#### Exercise instructions:
Find the line containing "Hello Miramar, my" in the entries below. Restate it and each line after it, word for word, up to and including the line containing "Hello and welcome".

BEGIN Provided information

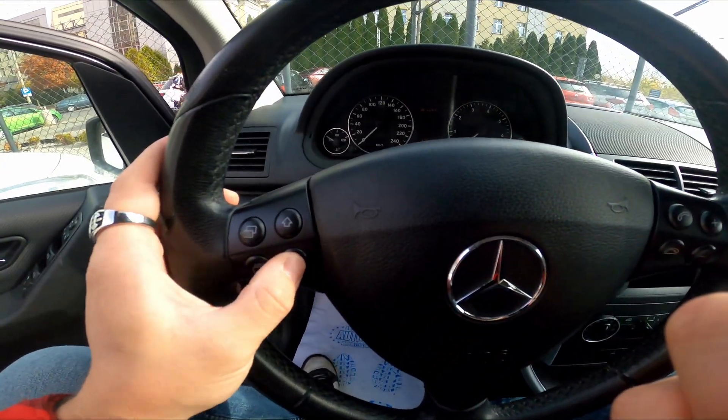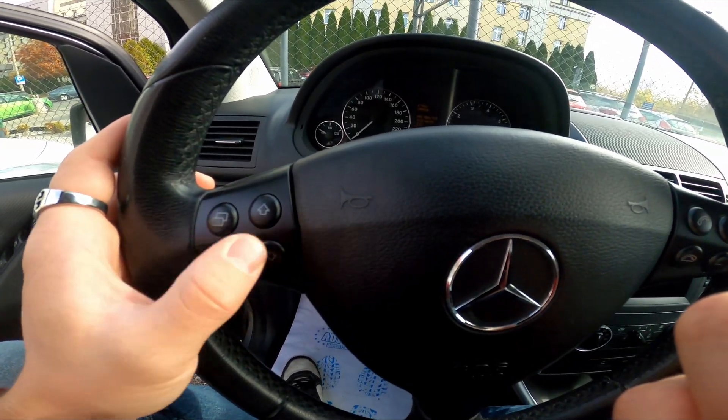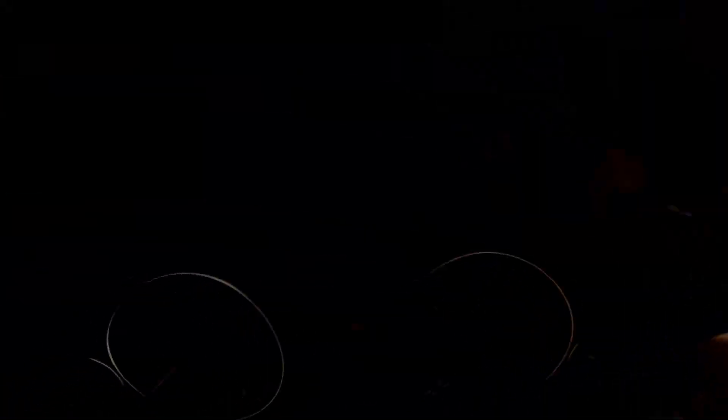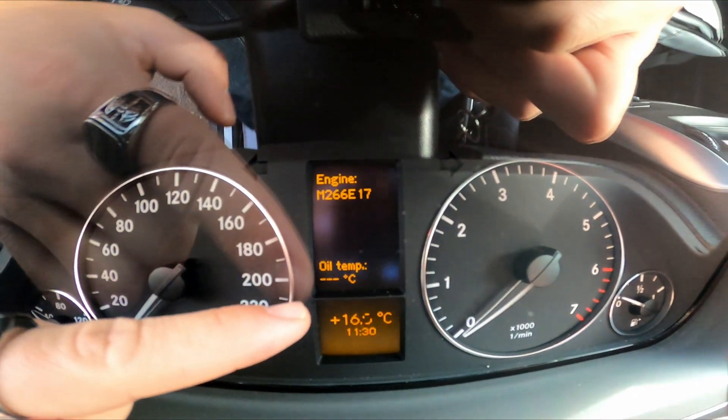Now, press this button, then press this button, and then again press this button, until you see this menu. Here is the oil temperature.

END Provided information
BEGIN Provided information

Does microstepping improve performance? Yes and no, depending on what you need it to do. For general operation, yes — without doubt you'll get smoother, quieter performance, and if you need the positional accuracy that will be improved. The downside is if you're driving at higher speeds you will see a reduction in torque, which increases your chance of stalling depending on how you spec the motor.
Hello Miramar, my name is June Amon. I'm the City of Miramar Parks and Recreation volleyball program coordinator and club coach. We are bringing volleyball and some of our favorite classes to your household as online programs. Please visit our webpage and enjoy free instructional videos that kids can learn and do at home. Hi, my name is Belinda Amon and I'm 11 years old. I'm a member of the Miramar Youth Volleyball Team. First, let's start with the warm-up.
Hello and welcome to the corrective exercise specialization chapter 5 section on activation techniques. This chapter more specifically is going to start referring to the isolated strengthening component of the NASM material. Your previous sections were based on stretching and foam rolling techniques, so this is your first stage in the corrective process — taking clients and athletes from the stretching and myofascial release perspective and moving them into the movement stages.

END Provided information

#### Exercise answer:
Hello Miramar, my name is June Amon. I'm the City of Miramar Parks and Recreation volleyball program coordinator and club coach. We are bringing volleyball and some of our favorite classes to your household as online programs. Please visit our webpage and enjoy free instructional videos that kids can learn and do at home. Hi, my name is Belinda Amon and I'm 11 years old. I'm a member of the Miramar Youth Volleyball Team. First, let's start with the warm-up.
Hello and welcome to the corrective exercise specialization chapter 5 section on activation techniques. This chapter more specifically is going to start referring to the isolated strengthening component of the NASM material. Your previous sections were based on stretching and foam rolling techniques, so this is your first stage in the corrective process — taking clients and athletes from the stretching and myofascial release perspective and moving them into the movement stages.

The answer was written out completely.